Do you really need a debit card?

In another post (See Lame Excuse #1), I use the story of Judas stealing from the disciples’ money bag to illustrate that fraud can take place in any church.  This week I found another Biblical example of this truth.  Luke, in Acts Chapter 5, recounts the sad story of Ananias and Sapphira.

In the story, this couple sells a piece of property and promises the church (and the Holy Spirit!) that the proceeds would be given to the congregation.  As it turns out, the couple comes up with a scheme to withhold some of the funds while making it appear they had given the whole amount to the church.  When confronted, both Ananias and Sapphira cover themselves by lying.

This week, in my routine “fraud news search”, I found a story with some similar characteristics.

Former Church Treasurer Charged…

Did you notice that this treasurer essentially did the same two things Ananias and Sapphira did. She stole money from the church and then lied about it by “doctoring” the books.

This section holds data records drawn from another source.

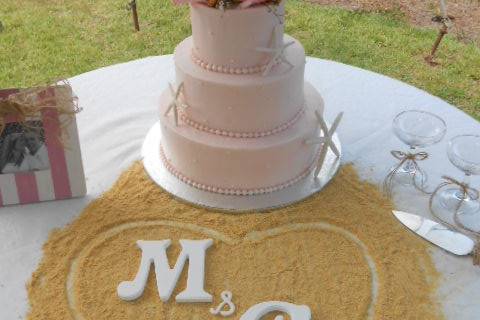 3-tier pink wedding cake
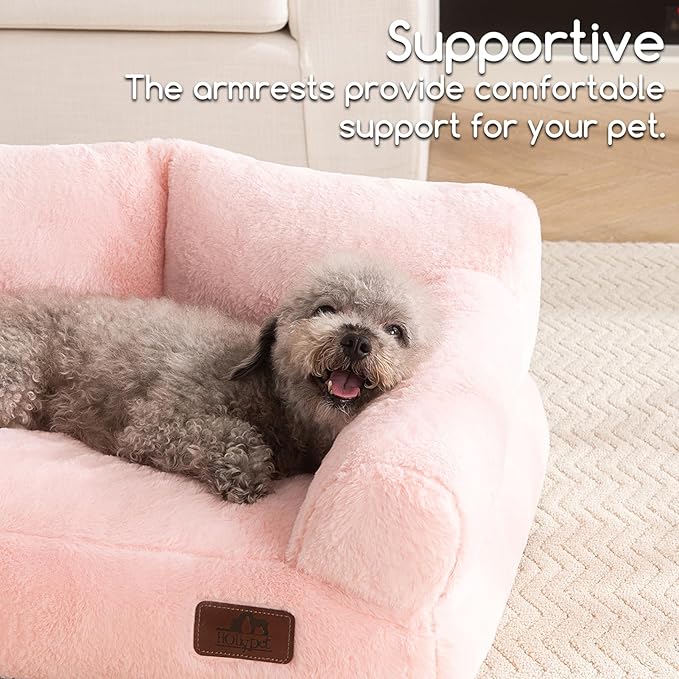 Hollypet Fluffy Dog Cat Bed Pet Couch Beds Plush Soft Warming Washable Puppy Bed for Small Medium Dogs and Large Cats, Pink, 24" L x 18" W x 10" Th
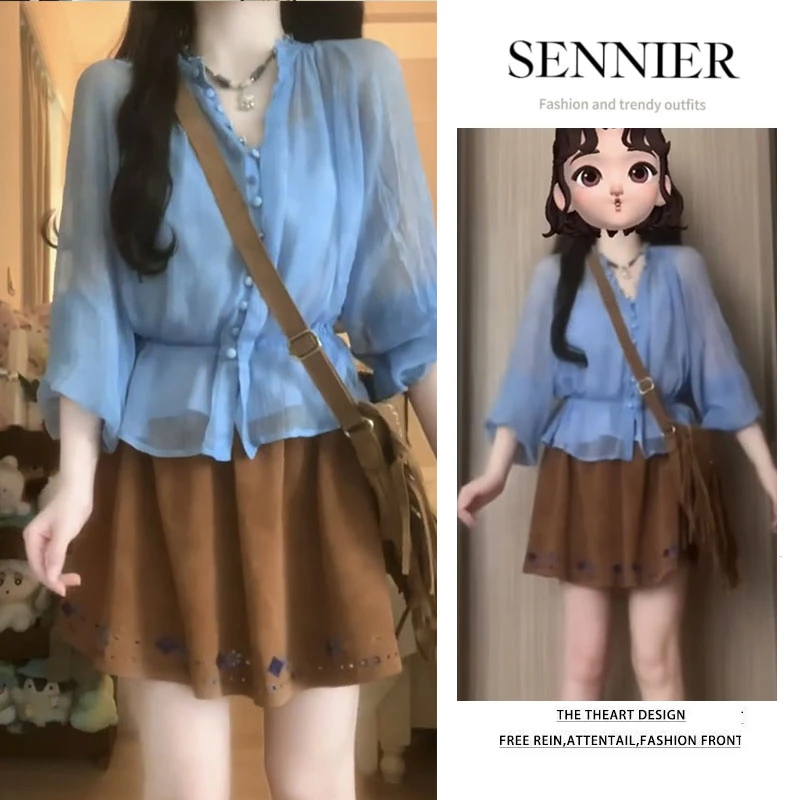 【现货】2025夏季爆款韩系蓝色防晒衬衫上衣女复古绣花半身短裙套装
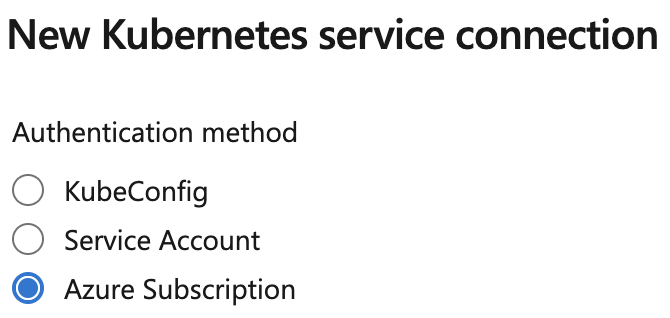 Képernyőkép a Kubernetes-szolgáltatás kapcsolat-hitelesítési módszerének kiválasztásáról.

What can a church do to avoid such a fate? Here are two observations:

The fact that the fraud was not discovered until a new treasurer took over implies that no one, other than the treasurer, ever looked at the accounting records.  The church was violating the basic accounting philosophy of adequate segregation of duties. Lack of involvement by others made it easy for the treasurer to steal, and then doctor the records to cover her tracks.  Something as simple as having someone other than the treasurer reconcile the bank account monthly might have been enough to prevent the thefts.

Second, I have never been convinced that debit cards are all that useful in the church world.  Sure they are efficient, but a debit card (and his close relative, the credit card) can completely circumvent the best bill approval and payment systems.  If a church insists that it must have cards, by all means adopt a credit card use policy to govern their use.